И всё-таки: для чего люди читают книги?
Если речь идёт о прикладной литературе, то ответ прост: для получения информации – неважно, из простой любознательности или для использования в работе. Если же говорить о литературе художественной, то многие решат, что – для получения эстетического удовольствия: не могут же романы быть примитивными источниками знания, да и научить жить, дать какие-то рецепты поведения они тоже не могут. И не должны. Правильный ответ может показаться неожиданным: романы и стихи читаются тоже для получения информации, но не фактической (иначе зачем бы по нескольку раз перечитывались любимые книги?), а той, что припасена в неких тайниках умов самих читателей. Иными словами, художественные тексты тоже являются источником информации, возможно, даже более щедрым, нежели документальные, просто мы извлекаем из них не отдельные сведения или числа, а – новые собственные соображения и выдумки, вдруг возникающие при чтении из попутных ассоциаций, воспоминаний, нечаянных сравнений: мысль читателя цепляется за какую-нибудь неожиданную метафору или просто за удачно написанную, точную фразу, или… да за что угодно, за любой намёк и тогда начинает жить самостоятельно, ища продолжения, плодя себе подобных и приводя к догадкам и открытиям, часто даже не имеющим общего с прочитанным текстом – вплоть до мыслей о вечности и о Боге.

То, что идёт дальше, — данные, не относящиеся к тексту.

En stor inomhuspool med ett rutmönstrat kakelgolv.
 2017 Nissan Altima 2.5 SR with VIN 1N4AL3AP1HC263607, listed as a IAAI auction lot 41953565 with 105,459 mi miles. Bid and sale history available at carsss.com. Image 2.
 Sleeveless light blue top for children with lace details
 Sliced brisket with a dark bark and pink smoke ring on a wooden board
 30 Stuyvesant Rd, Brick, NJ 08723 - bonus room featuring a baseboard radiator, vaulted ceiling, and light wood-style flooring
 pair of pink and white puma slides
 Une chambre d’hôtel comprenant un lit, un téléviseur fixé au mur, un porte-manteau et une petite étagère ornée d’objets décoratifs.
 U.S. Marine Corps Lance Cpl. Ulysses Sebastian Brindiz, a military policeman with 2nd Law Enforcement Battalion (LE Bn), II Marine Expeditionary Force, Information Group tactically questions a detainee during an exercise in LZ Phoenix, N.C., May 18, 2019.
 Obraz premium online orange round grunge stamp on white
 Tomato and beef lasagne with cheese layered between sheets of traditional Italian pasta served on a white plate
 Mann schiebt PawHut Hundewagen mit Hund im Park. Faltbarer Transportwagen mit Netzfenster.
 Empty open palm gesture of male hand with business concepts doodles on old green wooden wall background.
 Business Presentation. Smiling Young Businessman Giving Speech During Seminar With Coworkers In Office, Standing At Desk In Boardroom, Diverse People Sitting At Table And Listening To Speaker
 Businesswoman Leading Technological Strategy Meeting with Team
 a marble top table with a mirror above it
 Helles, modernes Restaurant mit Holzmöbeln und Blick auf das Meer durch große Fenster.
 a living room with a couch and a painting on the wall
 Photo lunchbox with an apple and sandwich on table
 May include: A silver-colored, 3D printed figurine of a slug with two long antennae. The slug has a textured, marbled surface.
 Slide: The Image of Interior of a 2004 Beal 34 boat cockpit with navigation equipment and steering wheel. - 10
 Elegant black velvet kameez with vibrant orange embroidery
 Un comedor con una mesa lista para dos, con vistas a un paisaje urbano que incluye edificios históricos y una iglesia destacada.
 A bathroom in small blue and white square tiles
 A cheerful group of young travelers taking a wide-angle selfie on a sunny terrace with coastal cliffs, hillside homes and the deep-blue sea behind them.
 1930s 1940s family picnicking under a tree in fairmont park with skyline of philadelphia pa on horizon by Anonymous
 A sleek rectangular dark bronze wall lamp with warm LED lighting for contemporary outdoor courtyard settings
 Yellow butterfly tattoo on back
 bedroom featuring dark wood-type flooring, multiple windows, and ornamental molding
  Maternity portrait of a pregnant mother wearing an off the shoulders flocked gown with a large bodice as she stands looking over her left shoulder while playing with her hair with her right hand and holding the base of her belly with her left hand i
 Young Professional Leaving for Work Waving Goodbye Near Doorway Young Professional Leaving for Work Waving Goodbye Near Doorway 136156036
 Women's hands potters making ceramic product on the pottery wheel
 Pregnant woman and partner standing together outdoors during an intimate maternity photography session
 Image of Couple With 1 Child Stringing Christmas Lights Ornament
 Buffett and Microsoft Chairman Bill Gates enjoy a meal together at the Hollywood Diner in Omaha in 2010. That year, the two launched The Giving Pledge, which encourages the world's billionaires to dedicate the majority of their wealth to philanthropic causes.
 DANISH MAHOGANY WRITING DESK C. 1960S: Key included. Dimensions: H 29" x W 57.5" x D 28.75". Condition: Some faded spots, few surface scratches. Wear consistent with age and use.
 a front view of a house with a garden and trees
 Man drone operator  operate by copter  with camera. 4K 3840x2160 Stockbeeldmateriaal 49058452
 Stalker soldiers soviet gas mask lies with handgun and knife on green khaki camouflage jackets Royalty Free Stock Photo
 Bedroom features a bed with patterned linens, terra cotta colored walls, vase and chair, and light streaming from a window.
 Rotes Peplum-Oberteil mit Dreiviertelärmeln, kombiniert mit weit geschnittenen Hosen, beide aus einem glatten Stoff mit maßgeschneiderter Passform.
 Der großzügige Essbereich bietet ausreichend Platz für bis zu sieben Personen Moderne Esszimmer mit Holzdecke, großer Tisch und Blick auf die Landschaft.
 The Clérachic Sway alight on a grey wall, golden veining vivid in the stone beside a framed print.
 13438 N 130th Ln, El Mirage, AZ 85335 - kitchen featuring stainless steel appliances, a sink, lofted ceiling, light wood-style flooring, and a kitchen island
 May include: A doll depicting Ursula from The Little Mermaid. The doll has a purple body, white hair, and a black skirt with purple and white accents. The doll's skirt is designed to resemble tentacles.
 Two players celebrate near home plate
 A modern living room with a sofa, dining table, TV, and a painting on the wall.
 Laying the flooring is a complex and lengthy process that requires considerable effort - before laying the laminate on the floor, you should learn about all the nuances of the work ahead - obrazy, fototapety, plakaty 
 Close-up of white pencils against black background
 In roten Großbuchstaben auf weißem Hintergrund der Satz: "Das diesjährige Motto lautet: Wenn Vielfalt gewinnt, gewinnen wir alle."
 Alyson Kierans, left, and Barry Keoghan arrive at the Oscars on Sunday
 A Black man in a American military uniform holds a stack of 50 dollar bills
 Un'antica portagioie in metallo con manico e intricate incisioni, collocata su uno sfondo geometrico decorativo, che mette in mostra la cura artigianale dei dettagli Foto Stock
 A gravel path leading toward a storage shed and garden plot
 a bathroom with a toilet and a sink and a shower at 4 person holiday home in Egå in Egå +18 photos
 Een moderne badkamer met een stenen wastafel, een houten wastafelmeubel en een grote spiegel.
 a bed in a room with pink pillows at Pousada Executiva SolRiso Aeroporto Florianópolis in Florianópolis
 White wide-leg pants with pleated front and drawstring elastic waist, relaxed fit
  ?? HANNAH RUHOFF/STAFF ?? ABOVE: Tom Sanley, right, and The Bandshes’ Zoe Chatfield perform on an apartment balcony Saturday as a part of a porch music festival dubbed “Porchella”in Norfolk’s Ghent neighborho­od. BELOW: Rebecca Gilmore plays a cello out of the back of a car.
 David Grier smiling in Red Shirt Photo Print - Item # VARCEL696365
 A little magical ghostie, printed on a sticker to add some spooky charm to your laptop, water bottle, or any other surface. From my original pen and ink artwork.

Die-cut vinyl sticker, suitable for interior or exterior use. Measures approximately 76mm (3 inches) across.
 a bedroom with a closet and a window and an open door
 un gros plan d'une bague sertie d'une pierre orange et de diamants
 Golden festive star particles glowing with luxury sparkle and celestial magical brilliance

В другой раз, при очередном перечитываньи того же романа, читателя может задеть иная, нежели раньше, метафора, и в его уме образуется новая ассоциативная цепочка…
В свете этого становятся нестрашными крамольные, казалось бы, слова Шопенгауэра: «Надо меньше читать и больше думать», – потому что не одни лишь изящные затеи вроде сочинения новелл, но и многие, многие случаи в нашем бытии суть игры воображения. Не дай ему волю, и тогда что последние известия по радио, что бабушкины сказки – всё будут пустые слова. Этак даже к описанию тридевятого царства останешься равнодушным, пока не вообразишь себя – в нём, со всеми приключениями в пути.
Но, сумев вообразить, уже не грех затронуть и высокие материи, вплоть до темы вечности, оттого что вечно само настоящее искусство, и оттого, что настоящее искусство создано вымыслом – тут достаточно вспомнить творения классиков. Великих обессмертили отнюдь не документальные работы, вечными оказались лишь произведения, рождённые воображением: не секрет, что реальность не имеет отношения к вечности.